Captioned web images:
◆ ◆ ◆
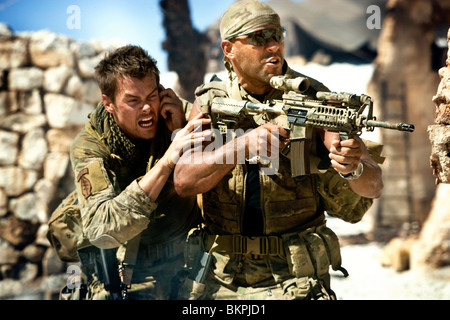 TRANSFORMERS (2007) JOSH DUHAMEL, AMAURY NOLASCO MICHAEL BAY (DIR) TRRS 001-05 MOVIESTORECOLLECTION LTD Stockfoto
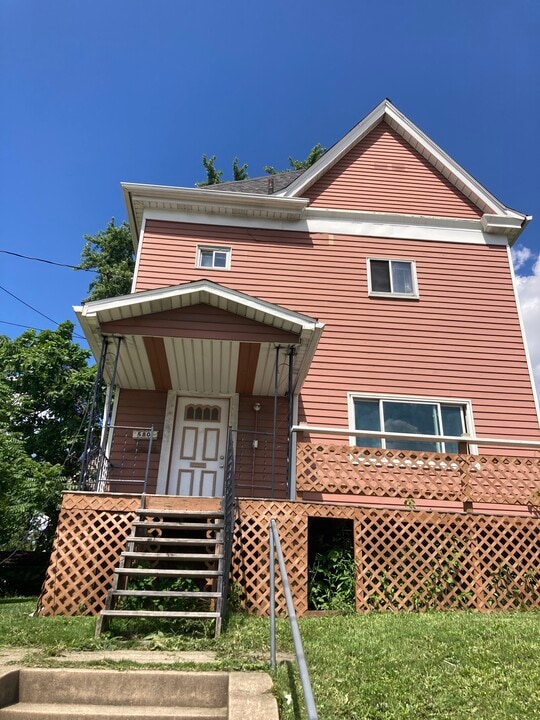 580 Jefferson Ave in Washington, PA - Building Photo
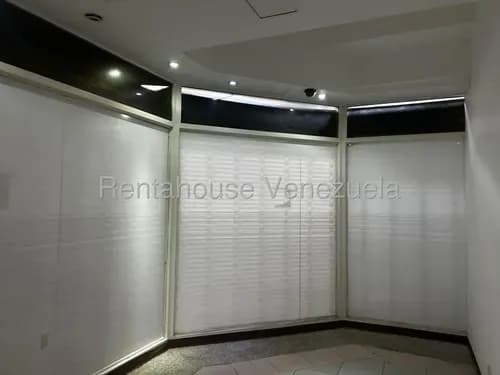 Sm Local Comercial En Alquiler En Chacaito 26-10141 Yf
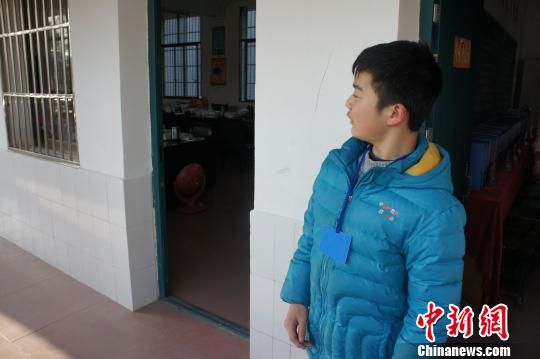 對于幾年如一日照顧他的同學余興泉，14歲的左臣心里充滿了感激。 李俊杰 攝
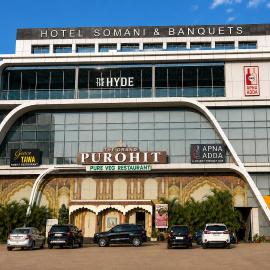 Hotel Somani Wakad – hotel w mieście Méribel Village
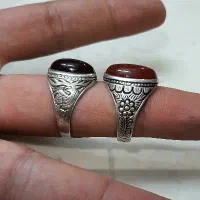 دو عدد انگشتر عقیق سرخ کهنه|جواهرات|قم, نیروگاه|دیوار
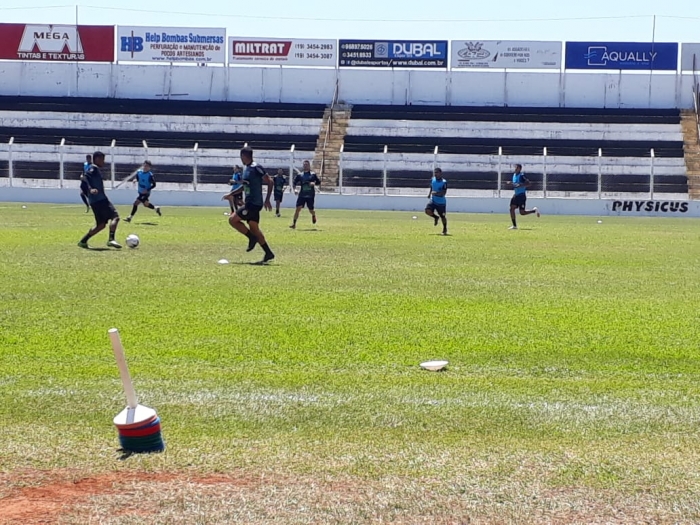 Teodoro define União Barbarense no treino deste sábado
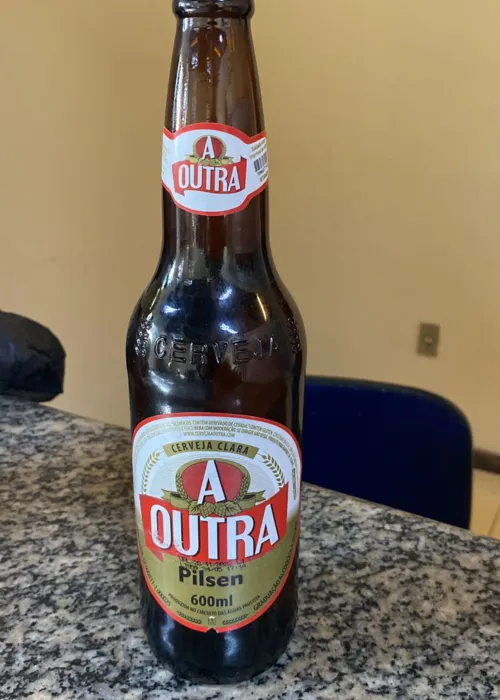 Cerveja falsificada por apreendida.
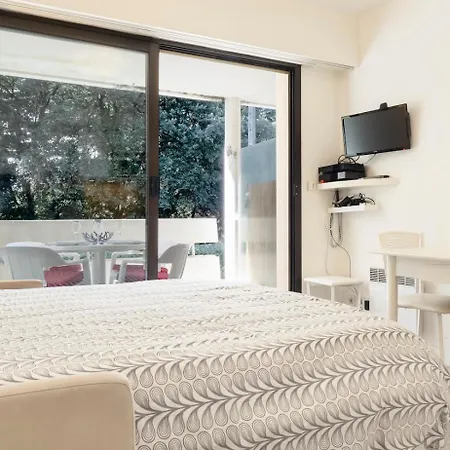 A Pied Les Pins 150m Apartment
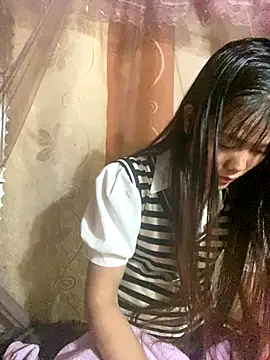 PhanHaa online show from October 28, 2025, 1:10 pm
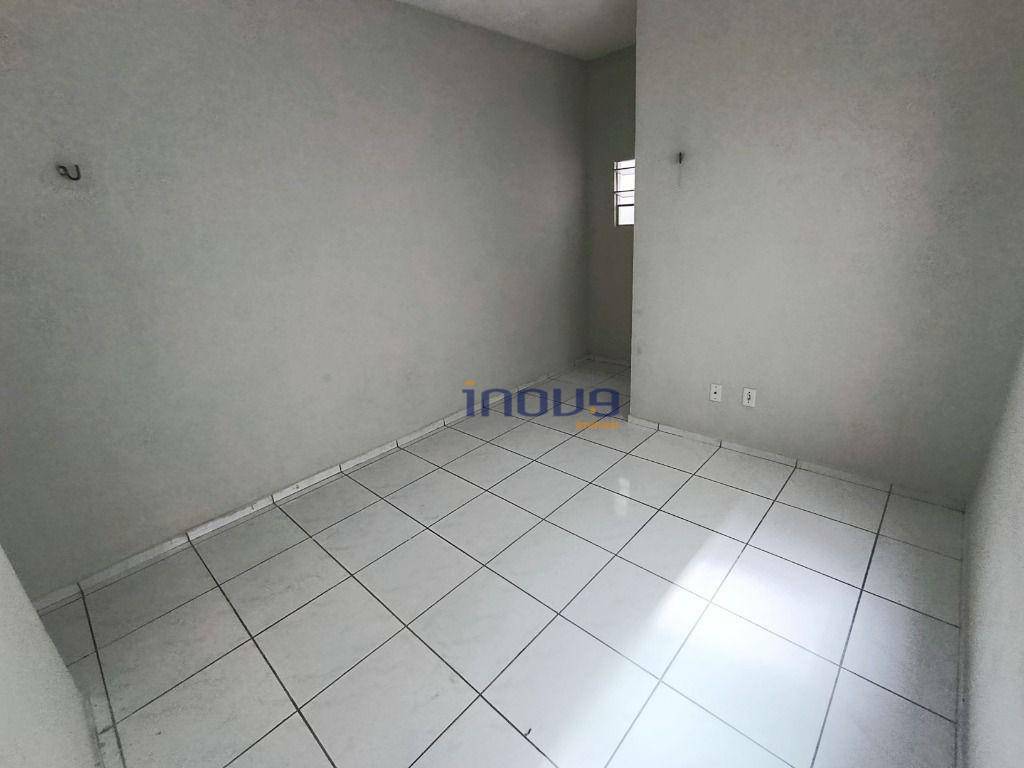 Casa à venda com 8 quartos, 198m² - Foto 20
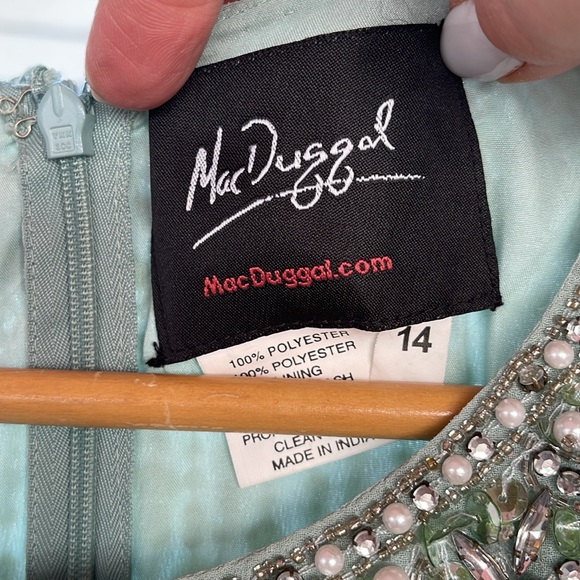 Mac Duggal - Mint Green Sequined Sleeveless Embellished Neckline Gown Size 14 - Picture 14 of 17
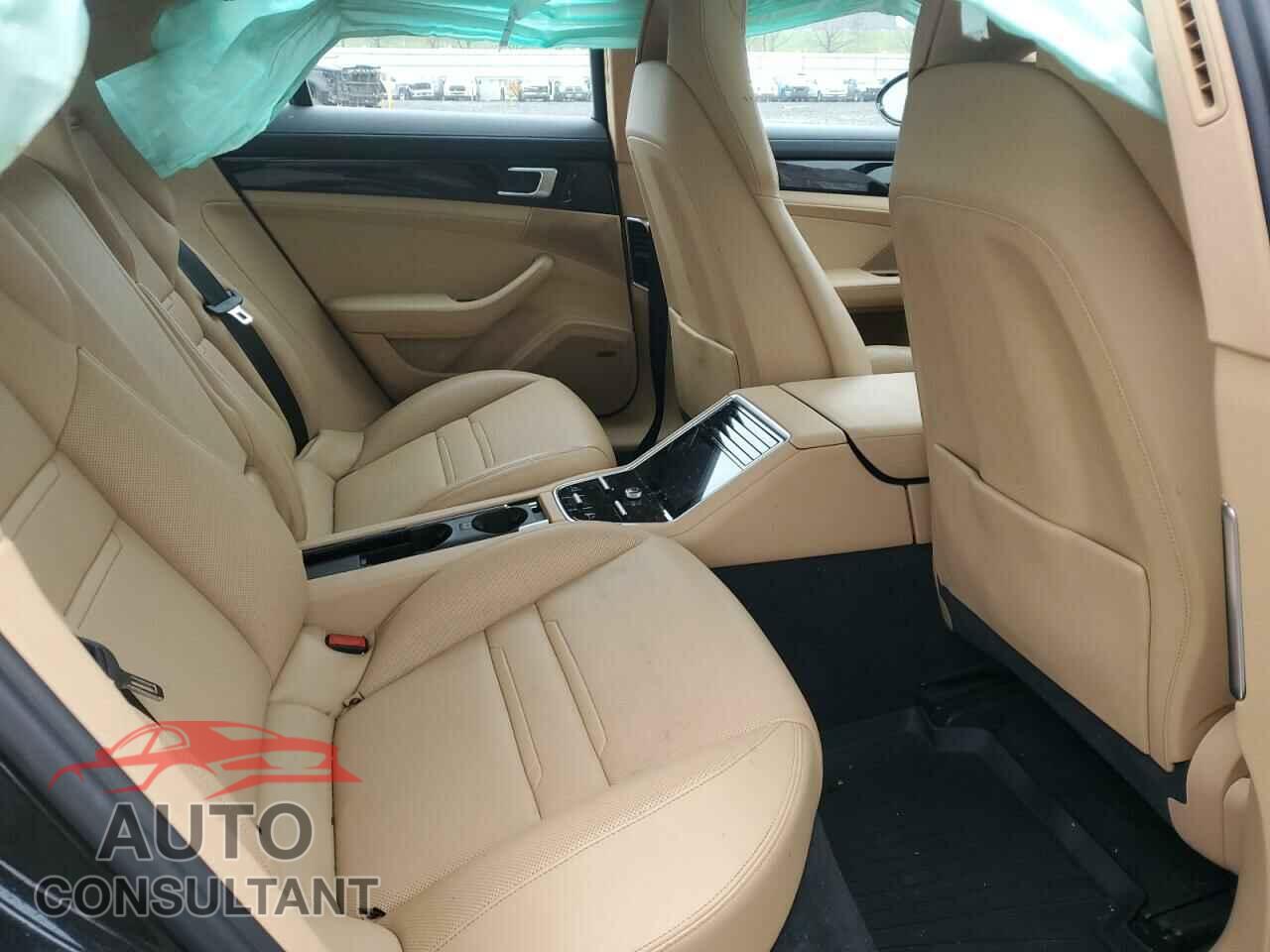 PORSCHE PANAMERA 2018 - WP0AA2A75JL111023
◆ ◆ ◆
▶ _EXERCISE BRIEF_
Please print exactly the lines from the one holding "Mac Duggal - Mint" through the final line of the data above, including both, and skip all pictures.

▶ _RESPONSE BELOW_
 Mac Duggal - Mint Green Sequined Sleeveless Embellished Neckline Gown Size 14 - Picture 14 of 17
 PORSCHE PANAMERA 2018 - WP0AA2A75JL111023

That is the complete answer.